El conocimiento tecnológico tiene un componente normativo que el conocimiento científico no tiene. Cuando tenemos conocimiento de una computadora, eso a menudo comprende juicios normativos: funciona bien o no funciona bien. 

En el conocimiento de normas técnicas, reglas y estándares como otro tipo de conocimiento tecnológico encontramos también un componente normativo. Esta característica tiene consecuencias para nuestra evaluación del conocimiento. Para el conocimiento científico, la verdad es la condición última. 

Para el conocimiento de normas, reglas y estándares como un tipo de conocimiento tecnológico, esta condición es problemática. Se refieren a cosas que aún no existen, pero que aún deben diseñarse o fabricarse. Ni la verdad, pero la eficacia es la condición aquí. Para la educación tecnológica, el componente normativo es importante. 

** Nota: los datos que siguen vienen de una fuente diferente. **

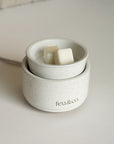 Feu&Co Diffuseur électrique en céramique – Grès blanc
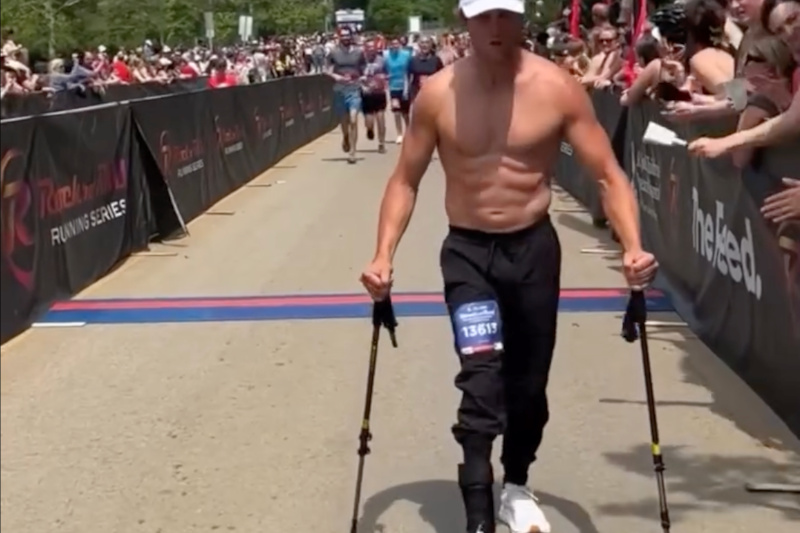 Paul Bas Walks Half Marathon 8 Years After Being Paralyzed at Red Bull Rampage - Vimarsana News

Los alumnos deben aprender a emitir juicios sobre la eficacia, como esta es una característica destacada del conocimiento tecnológico, que lo distingue del conocimiento científico. Los alumnos también deben aprender a lidiar con los valores éticos y de otro tipo cuando realizan trabajos de proyectos tecnológicos.

“Conocimiento tecnológico” no es un término técnico general. En inglés, significa entender cómo hacer cosas prácticas. En un individuo, el conocimiento tecnológico puede incrementar el capital humano. En una economía, el conocimiento tecnológico puede aumentar la productividad. Si bien el término puede tener algunos significados técnicos específicos en algunos subcampos, no es un concepto general o cuantificable en economía.